# Att: kernel devs! Usb-fast charge!



## joemagistro

So its cool that we have native call recording support, however one feature I really miss from my nexus is usb fast charge mode... I can't take how slow DC charging is....... Is this possible to accomplish?

Sent from my SGH-T999 using Xparent Blue Tapatalk 2


----------



## RMarkwald

I will note that on the Galaxy Nexus with this enabled, it wouldn't mount MTP right, so you'd have to disable it. Also it seemed that people who had this enabled and used it quite a bit it was killing their phone's USB port.


----------



## jbzcar

RMarkwald said:


> I will note that on the Galaxy Nexus with this enabled, it wouldn't mount MTP right, so you'd have to disable it. Also it seemed that people who had this enabled and used it quite a bit it was killing their phone's USB port.


First part is correct. Never heard of the second problem at all.


----------



## RMarkwald

jbzcar said:


> First part is correct. Never heard of the second problem at all.


There was a trend for a little bit where users who enabled it seemed to have that issue more than the users who did not. Not wanting to run that risk, I never used it and never had an issue. It may have been completely unrelated, but just seemed odd.


----------



## joemagistro

Never had a problem either... That option is huge for me since I can charge my phone relatively fastttt

Sent from my SGH-T999 using Xparent Blue Tapatalk 2


----------



## afmracer6

Now imoseyon test kernel has force fast charge

Sent from my SCH-I535 using RootzWiki


----------



## joemagistro

damnn... guess im SOL since i dont have verizon! lol


----------



## yarly

it's very possible to fry a faulty is usb port with fast charge enabled. it's why cyanogen didn't add it, despite risk being low.


----------



## joemagistro

yarly said:


> it's very possible to fry a faulty is usb port with fast charge enabled. it's why cyanogen didn't add it, despite risk being low.


im just curious how this is possible??? Im not doubting you, but rather curious.... if it puts out the same current as if AC was plugged in, why would that have any negetive effects on the usb port??? i could understand if it put out moreee draw, but its the same as ac current right??


----------



## yarly

Short answer is bad wiring in the usb port mostly. It's not an issue with the phone getting fried, just the charging port on the other device.
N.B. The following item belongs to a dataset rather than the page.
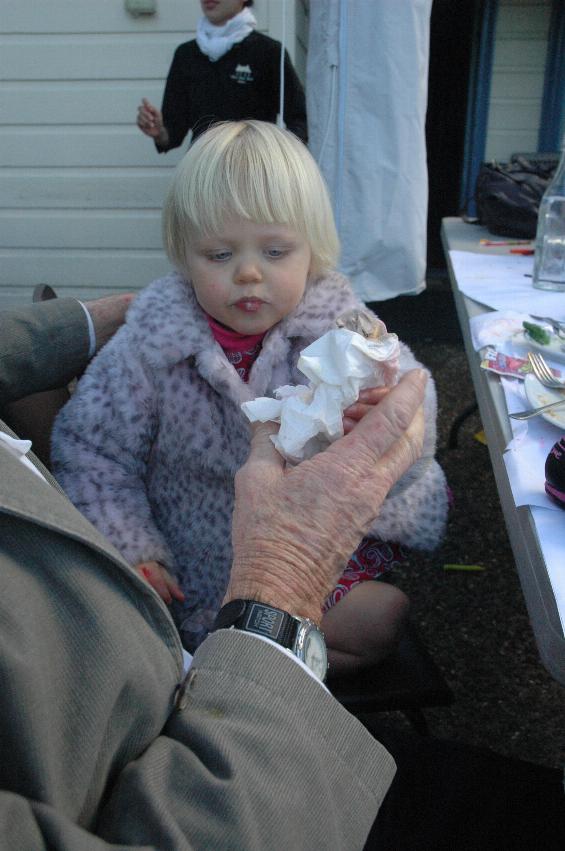 Little girl with paddle pop and tissue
Actually, I can do better than just explain, here's the original link where they rejected it in CM's kernel if you're interested:

http://review.cyanog....com/#/c/17802/


----------



## joemagistro

yarly said:


> Short answer is bad wiring in the usb port mostly. It's not an issue with the phone getting fried, just the charging port on the other device.
> 
> Actually, I can do better than just explain, here's the original link where they rejected it in CM's kernel if you're interested:
> 
> http://review.cyanog....com/#/c/17802/


i can see where that makes sense on the other device...... my only primary major use for fastcharge is with a DC charger in my car or motorcycle anyways... I love the feeling of riding my motorcycle for an hour knowing that when i park it and take my phone out, my battery is significantly more charged then a standard dc charge


----------



## PhantomGamers

yarly said:


> Short answer is bad wiring in the usb port mostly. It's not an issue with the phone getting fried, just the charging port on the other device.
> 
> Actually, I can do better than just explain, here's the original link where they rejected it in CM's kernel if you're interested:
> 
> http://review.cyanog....com/#/c/17802/


i read through that but i really can't see this being harmful.
as one of the dudes in there said: you never see people complaining about external HDDs frying USB ports.


----------



## yarly

T1 is a Galaxy S2 variant. No idea if the S3 has the detection abilities built into it to determine if it's charging from a regular usb port or one that can pump out more ampage.


----------



## PhantomGamers

yarly said:


> T1 is a Galaxy S2 variant. No idea if the S3 has the detection abilities built into it to determine if it's charging from a regular usb port or one that can pump out more ampage.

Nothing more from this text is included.